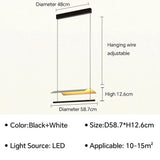 Nordic Minimalist LED Linear Pendant Light - Modern Industrial Hanging Chandelier for Dining Room, Kitchen Island, Bar & Office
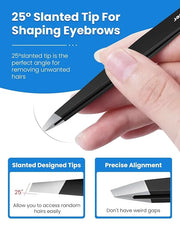 Expert Slant Tip Tweezers with Leather Case, GlamTweeler Sharp & Precision Stainless Steel Tweezer for Eyebrows, Facial Ha...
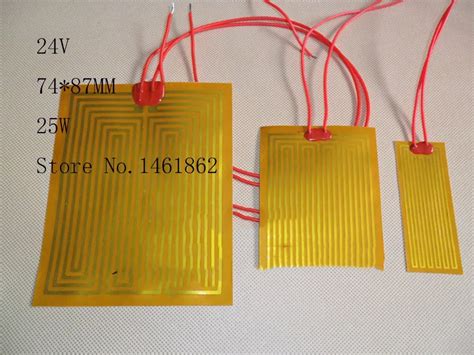 74mmx87mm 24V 25W, element heating Element 3D Printer PI film heating ...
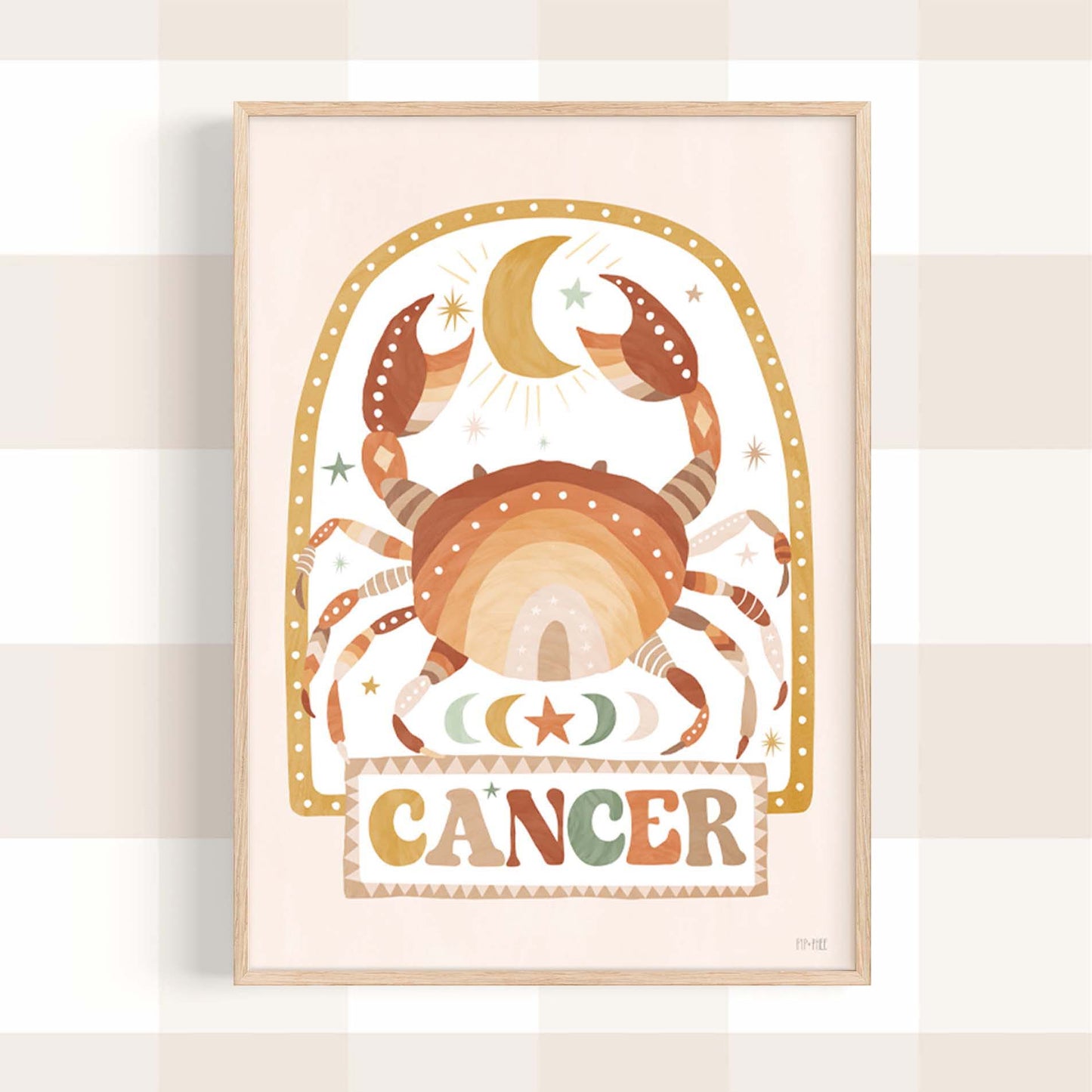Pip+Phee Horoscope Zodiac Art Print - Cancer - Neutral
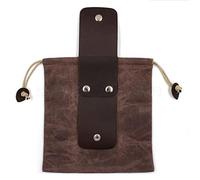 Leather and Canvas Bushcraft Bag, Multi-Purpose Foraging Bag, Canvas Bushcraft Bag with Leather Cover Buckle Foldable Tool Pouch with Drawstring for Outdoors Camping (Coffee)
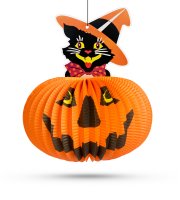 Halloweensky tekvicový lampión - s figúrkou ducha - zavesiteľný - 26 cm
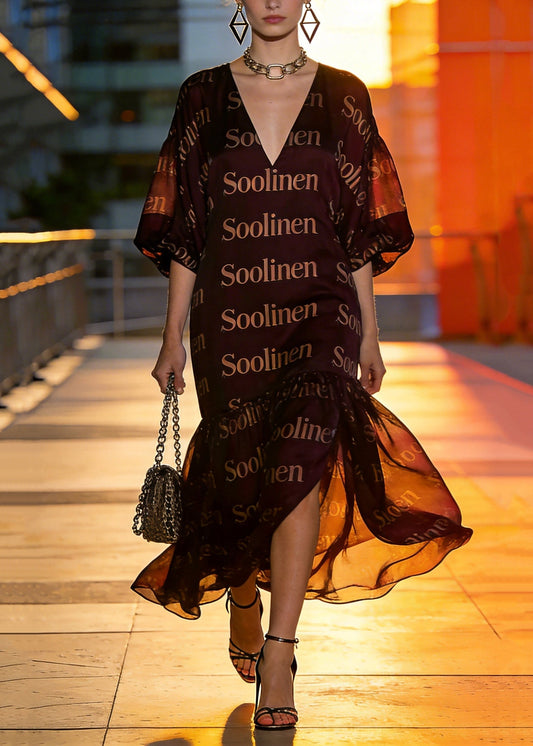 Organic Chocolate V Neck Print Chiffon Maxi Dresses Summer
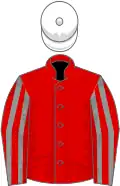 Red, grey striped sleeves, white cap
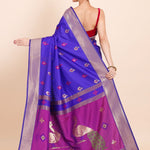 Royal Blue Paithani Saree with Golden border with Purple Pallu - Anvi Couture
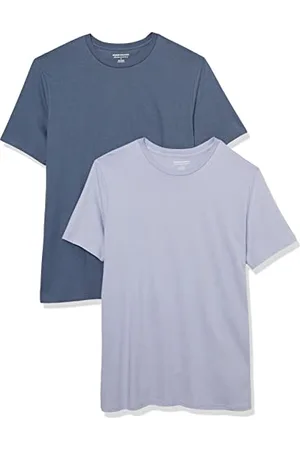 Amazon Maglietta Girocollo a Maniche Corte dalla vestibilità Aderente Uomo, Pacco da 2, Blu Slavato/Lavanda, XS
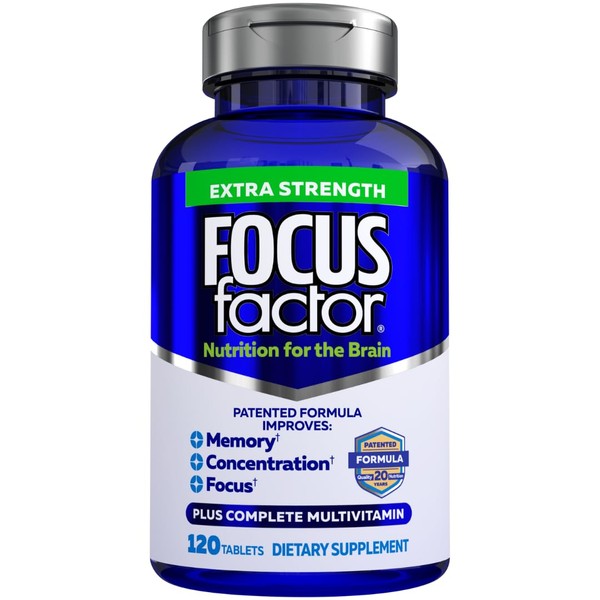 Focus Factor Adults Extra Strength, 120 Count - Brain Supplement
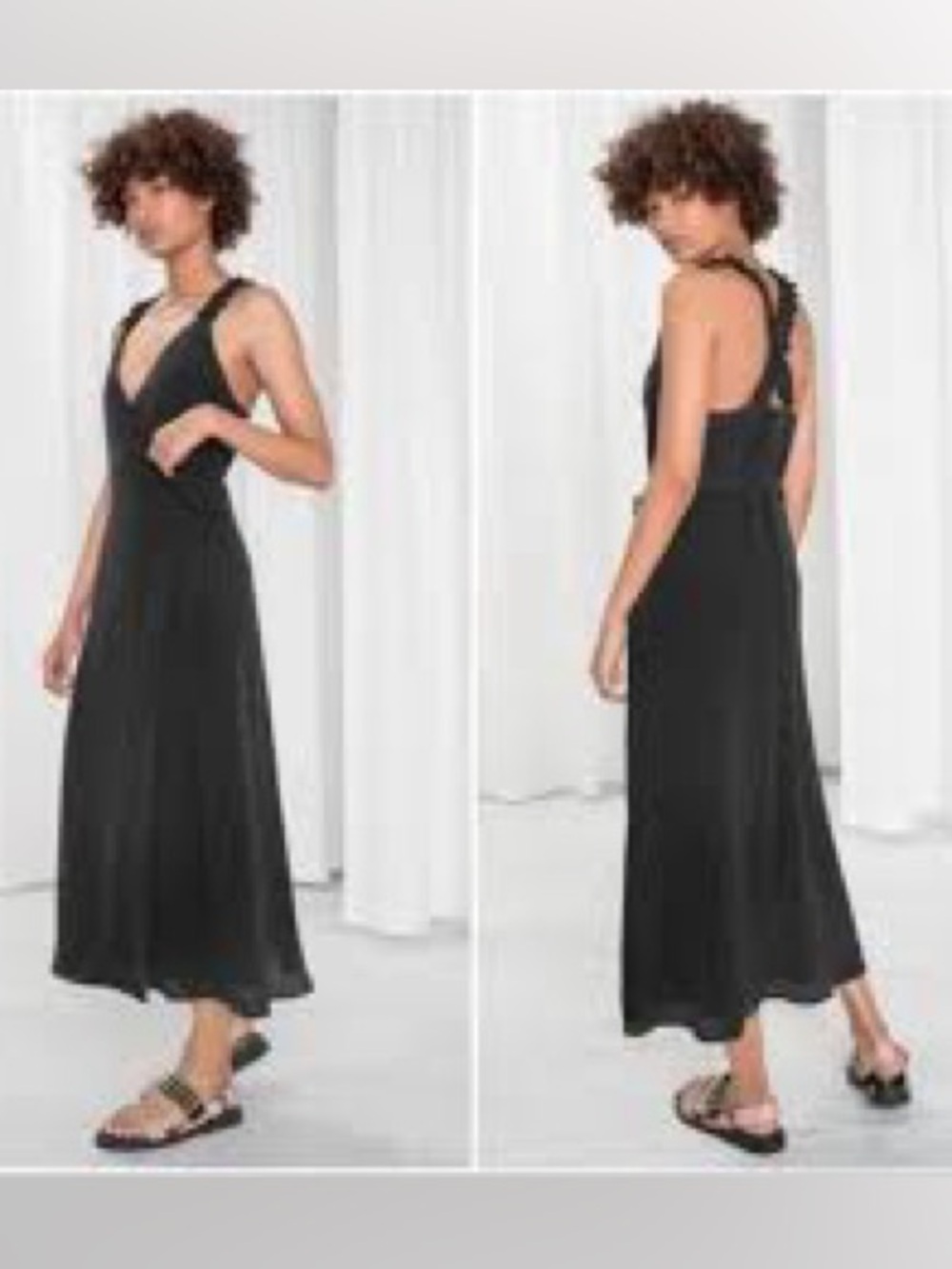 & OTHER STORIES Ruffle Strap Cross Back SILK FRILL STRAP WRAP MIDI DRESS Black 4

-*-

YOUR OBJECTIVE –
Exclude all pictures and reproduce exactly the lines from the one containing "Focus Factor Adults" through the final line of the entries above.

PROBLEM SOLUTION –
 Focus Factor Adults Extra Strength, 120 Count - Brain Supplement
 & OTHER STORIES Ruffle Strap Cross Back SILK FRILL STRAP WRAP MIDI DRESS Black 4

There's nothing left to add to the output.